Your instructions
Leaving out all pictures, transcribe exactly the lines between the line with "The Faraglioni Rocks tower over the water." and the last line of the records below, both included.

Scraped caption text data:
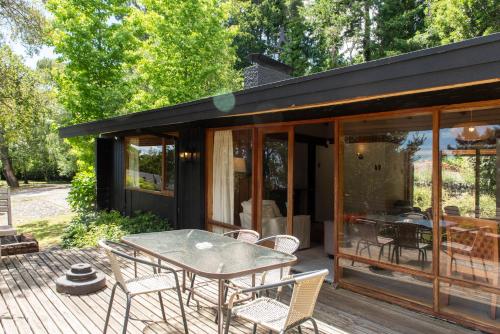 a house with a table and chairs on a deck at Hotel y Cabañas El Parque in Villarrica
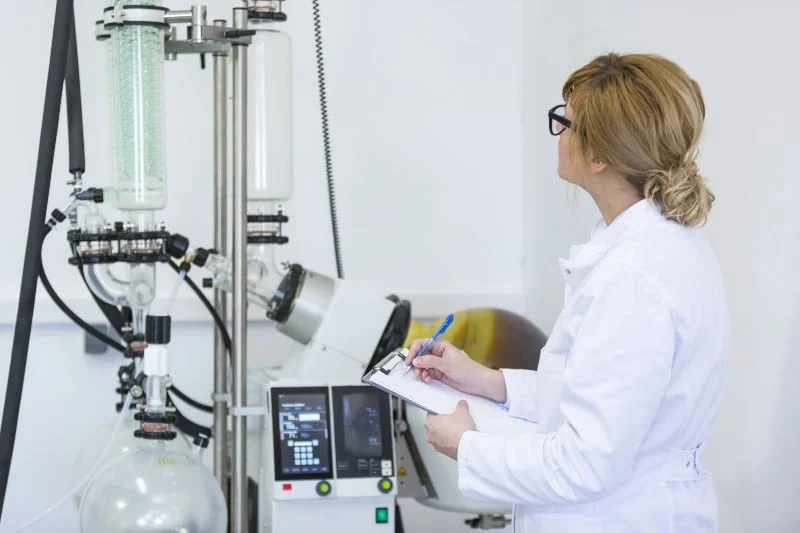 female scientist manufacturing delta 8 in a lab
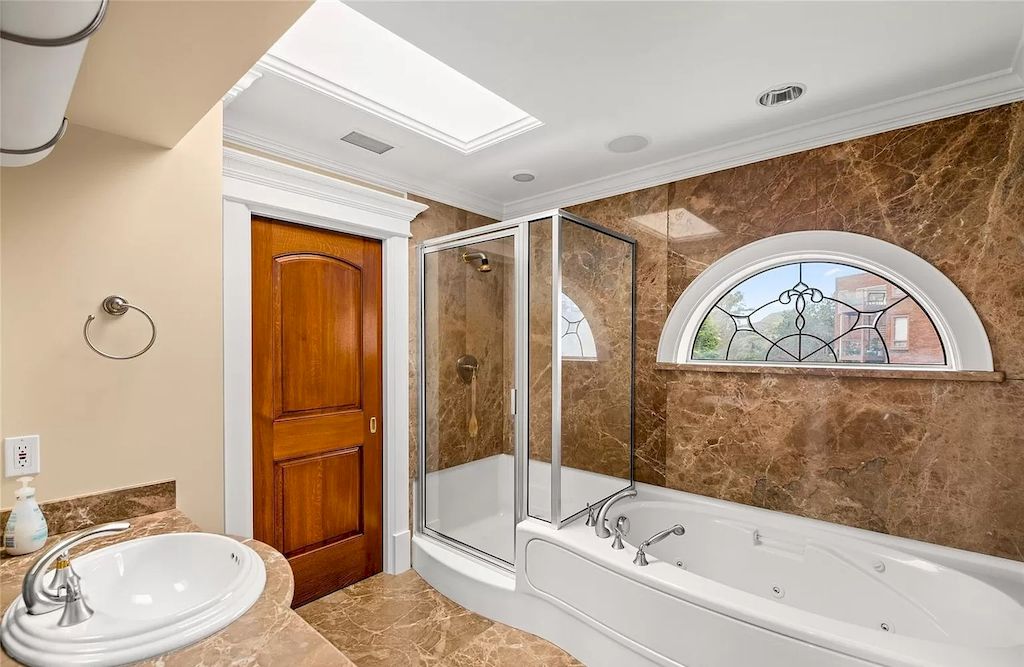 The House in Oak Bay is entertainment haven complete with resort style living with a pool, hot tub, expansive patio sections including covered sections & oceanfront setting with beach access now available for sale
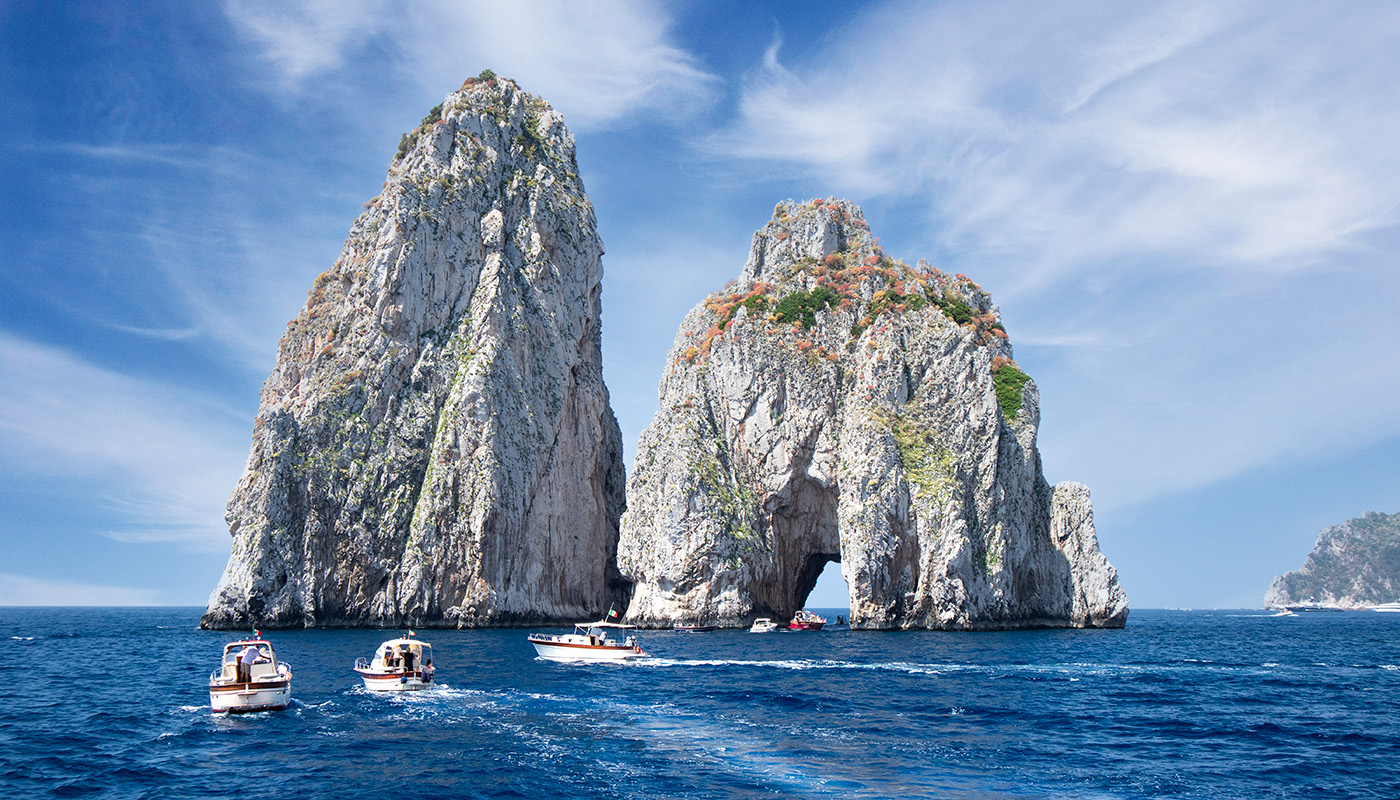 The Faraglioni Rocks tower over the water. 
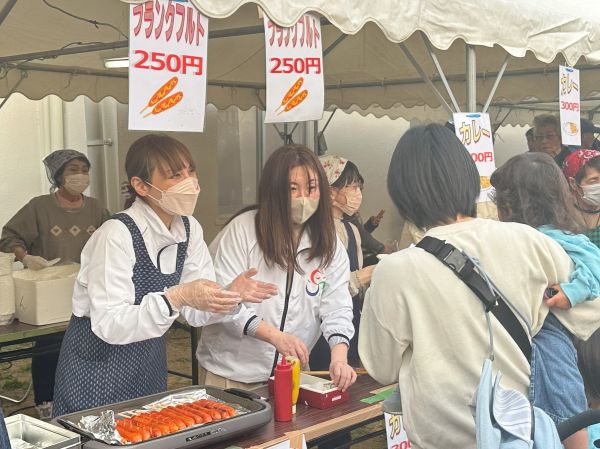フランクフルトの販売を手伝う区長(写真左)
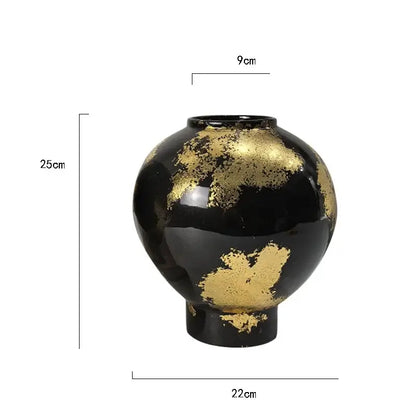 A glossy black ceramic vase with gold foil pattern accents measuring 25cm for living room decor
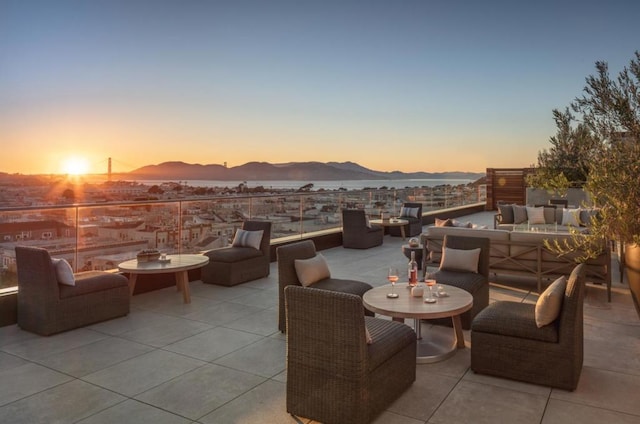 patio terrace at dusk with a mountain view and an outdoor living space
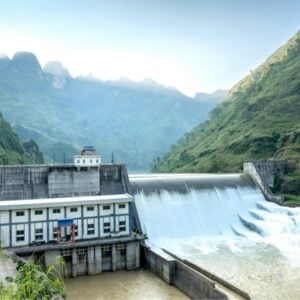 Hydropower dam in a green valley with spillways pouring water and a small control building, mountains in the background.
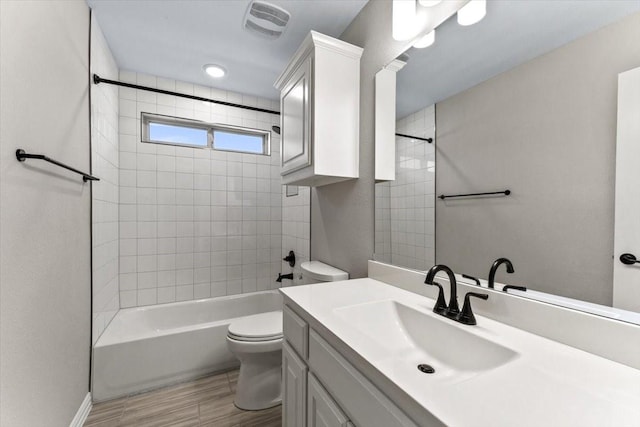 1261 Duke Dr, Prosper, TX 75078 - full bath featuring visible vents, toilet, shower / bath combination, wood finished floors, and vanity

Expected answer
 The Faraglioni Rocks tower over the water. 
フランクフルトの販売を手伝う区長(写真左)
 A glossy black ceramic vase with gold foil pattern accents measuring 25cm for living room decor
 patio terrace at dusk with a mountain view and an outdoor living space
 Hydropower dam in a green valley with spillways pouring water and a small control building, mountains in the background.
 1261 Duke Dr, Prosper, TX 75078 - full bath featuring visible vents, toilet, shower / bath combination, wood finished floors, and vanity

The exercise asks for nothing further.